- [DATA BLOCK]
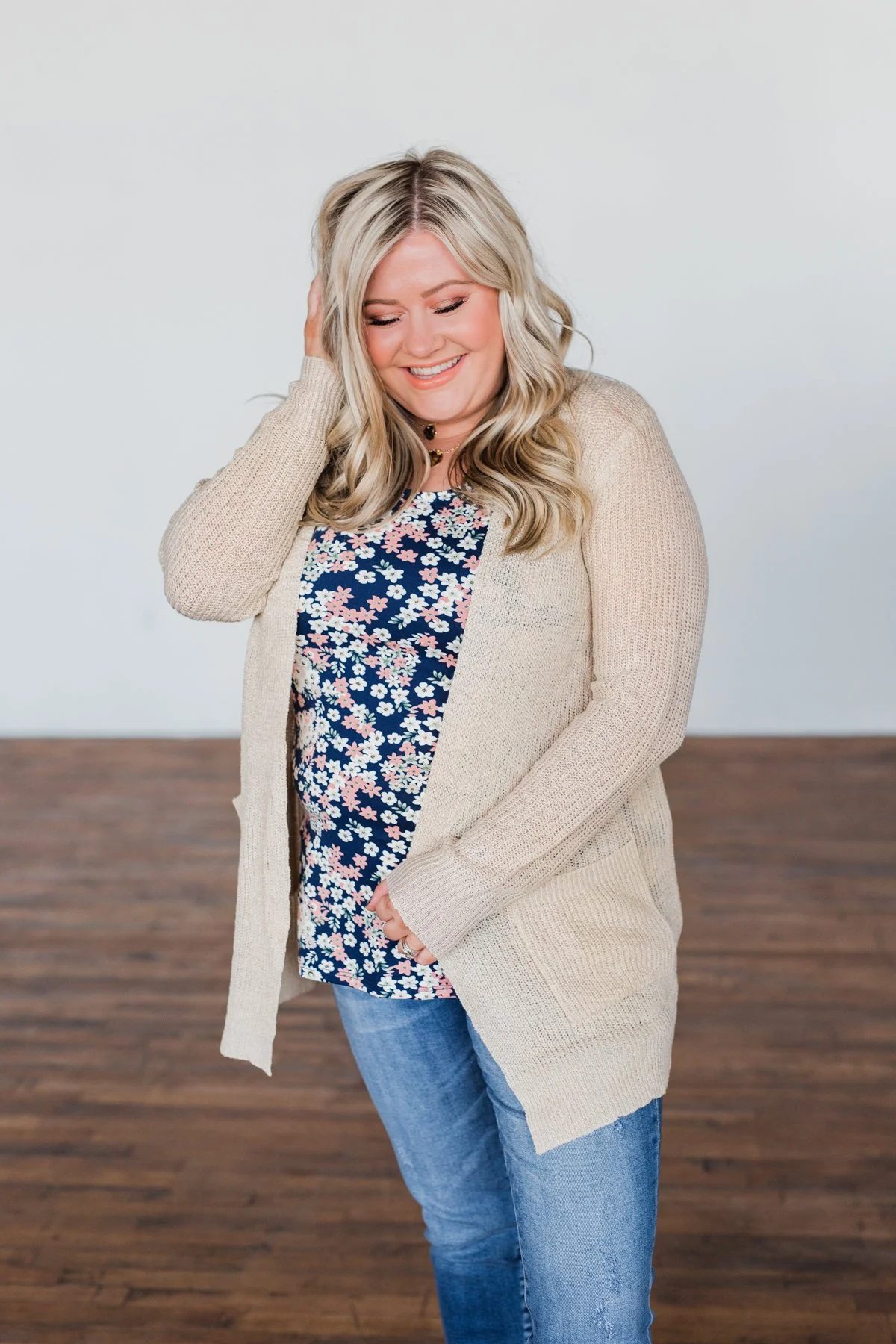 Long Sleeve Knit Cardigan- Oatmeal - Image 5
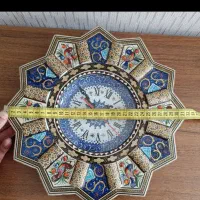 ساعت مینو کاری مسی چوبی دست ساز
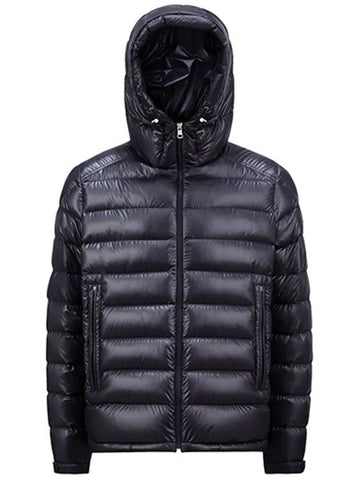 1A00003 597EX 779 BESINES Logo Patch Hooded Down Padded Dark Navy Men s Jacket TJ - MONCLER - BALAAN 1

- [TASK STATEMENT] Please reproduce nothing but the lines from the one containing "ساعت مینو کاری مسی چوبی دست ساز" through the closing line of the listing, retyped word for word, pictures excluded.

- [OUTPUT]
 ساعت مینو کاری مسی چوبی دست ساز
 1A00003 597EX 779 BESINES Logo Patch Hooded Down Padded Dark Navy Men s Jacket TJ - MONCLER - BALAAN 1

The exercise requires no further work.